Il faut cependant noter, alors même que ce caractère incitatif n'est pas retracé dans le cas qui nous intéresse, que le bleu budgétaire ne précise ni les conséquences financières du dispositif dit des « foncières » ni la globalité des ajustements de fiscalité découlant de l'application du régime des plus-values de cessions de logements.
La simple approche systémique de l'ensemble de la dépense fiscale liée au logement devrait donc intégrer, de notre point de vue, l'ensemble des conséquences du traitement fiscal de l'immobilier d'habitation, puisque tout cela participe de la constitution de l'offre de logement et des tensions qui peuvent apparaître dans ce secteur.
Qu'il s'agisse des modalités d'imposition des plus-values, de l'allégement des droits de mutation ou encore du mode de traitement des revenus fonciers, notamment l'imputation des déficits, bien des dispositions conduisent en réalité à majorer par principe la dépense publique pour le logement. Pour ne donner qu'un seul exemple, la réforme de l'impôt sur le revenu permettra aux contribuables qui se partagent les 17, 3 milliards d'euros de revenus fonciers nets de bénéficier, comme pour tous les autres revenus, de la disparition de l'abattement de 20 % et de son intégration dans le barème de l'impôt sur le revenu. La même observation vaut pour les personnes qui perçoivent les 7 milliards d'euros de revenus imposés sous le régime du micro-foncier.

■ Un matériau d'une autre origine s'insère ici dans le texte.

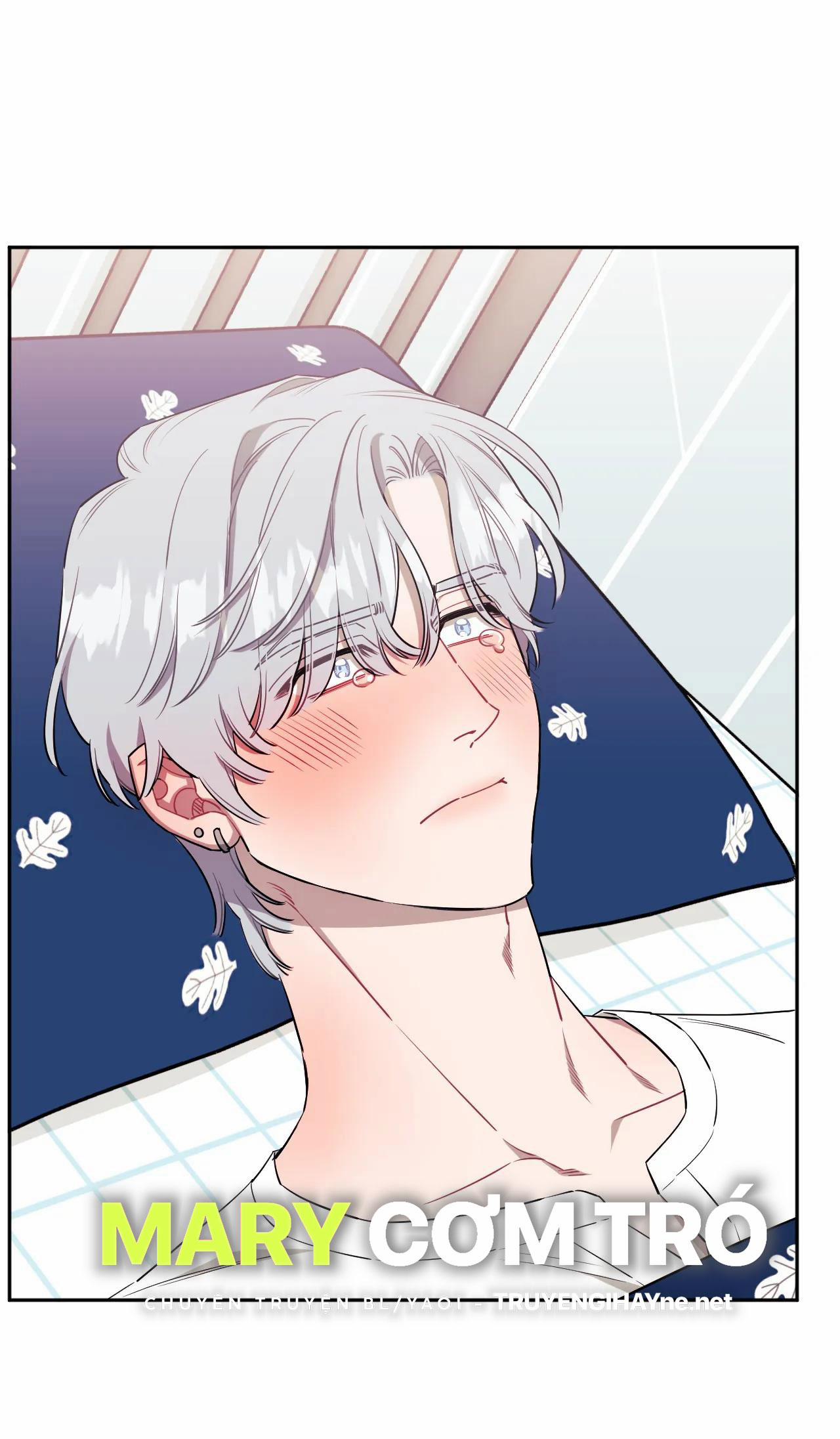 Hơn Cả Bạn Bè 54.1 trang 16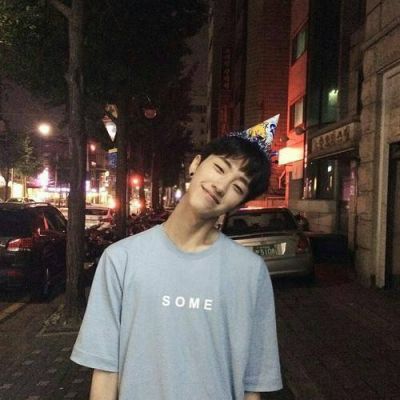 帅气超拽爱情动漫男生头像图片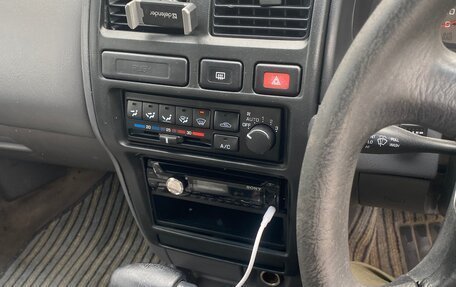 Nissan Pulsar IV, 1999 год, 200 000 рублей, 9 фотография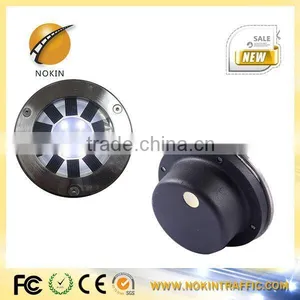 Made in China High Power LED Solar Garden Light Led Underground Light thumbnail-1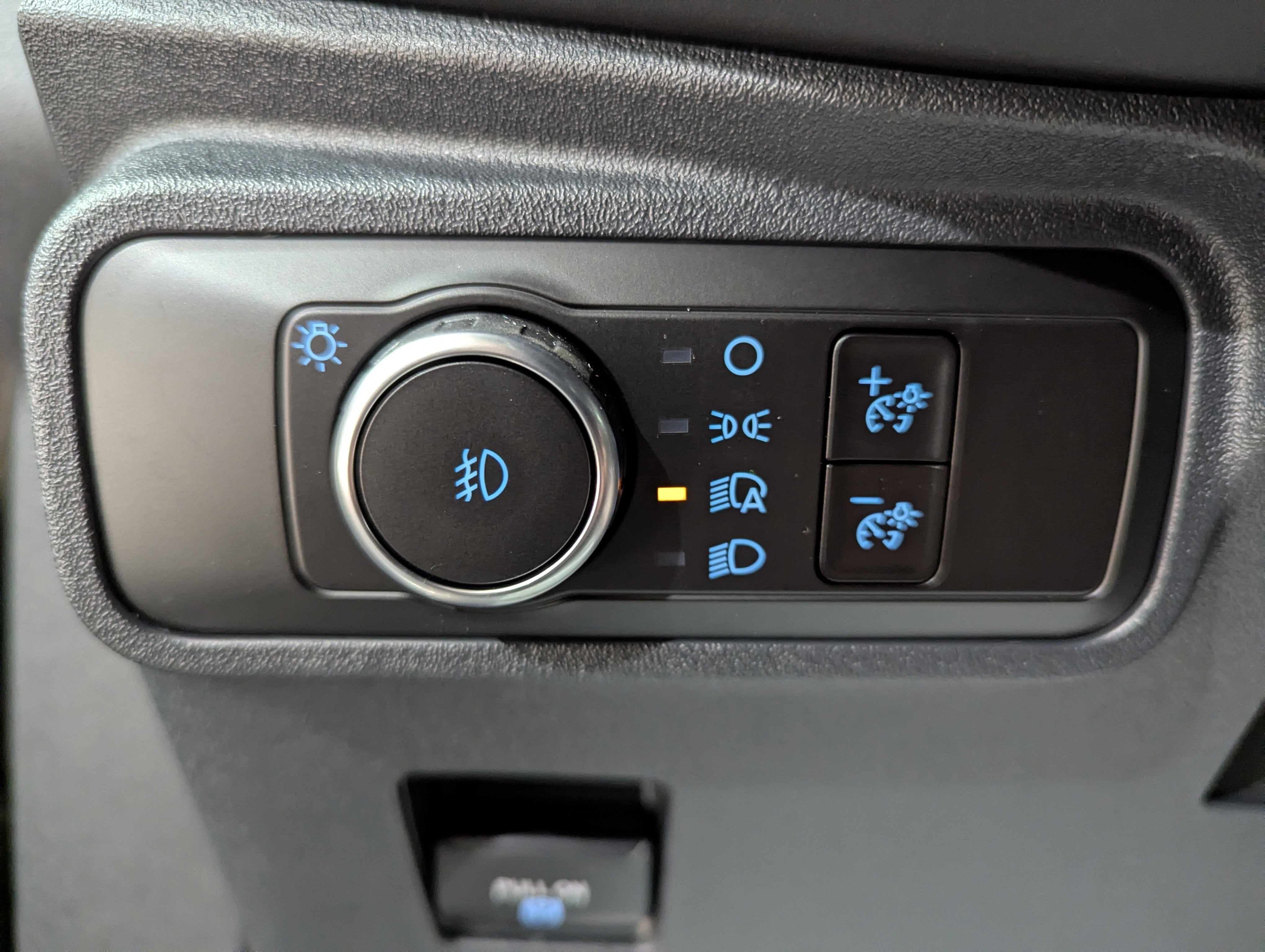 2025 Ford Bronco Badlands 4x4 Manual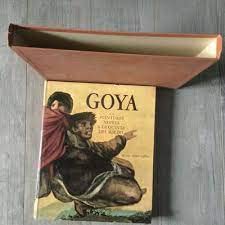 Goya et ses peintures noires à la quinta del sordo. 9789996859373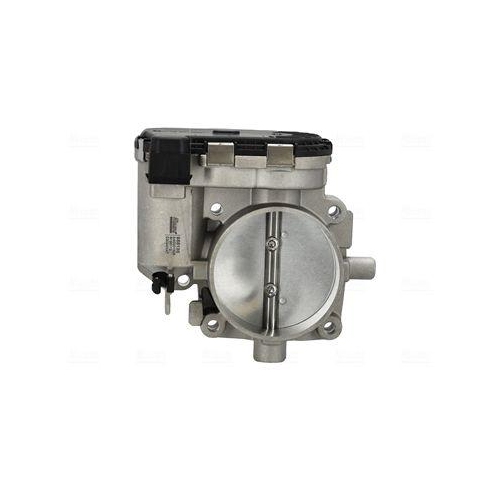 NISSENS Drosselklappenstutzen ** FIRST FIT ** 955138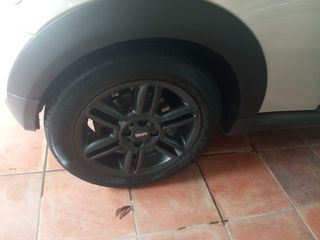 Mini Cooper D 2013-thumb-18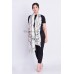 Digital Himalayan Wool Scarfs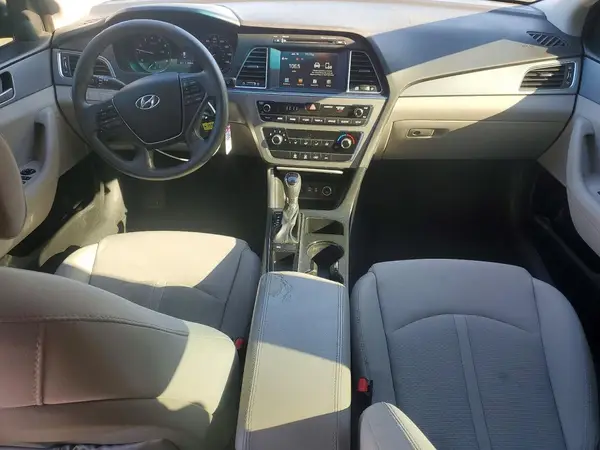 5NPE24AF7GH333545 2016 HYUNDAI SONATA - Image 8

De fait, la dépense fiscale pour le logement est singulièrement plus importante que la dépense budgétaire directe et présente la caractéristique de s'appuyer, entre autres, sur le relèvement constant du niveau des loyers et sur le développement de la spéculation immobilière, dont les effets sur l'offre de logement sont désastreux.
Nous avons certes vu sortir de terre plus de logements ces derniers temps que lors des exercices budgétaires précédents.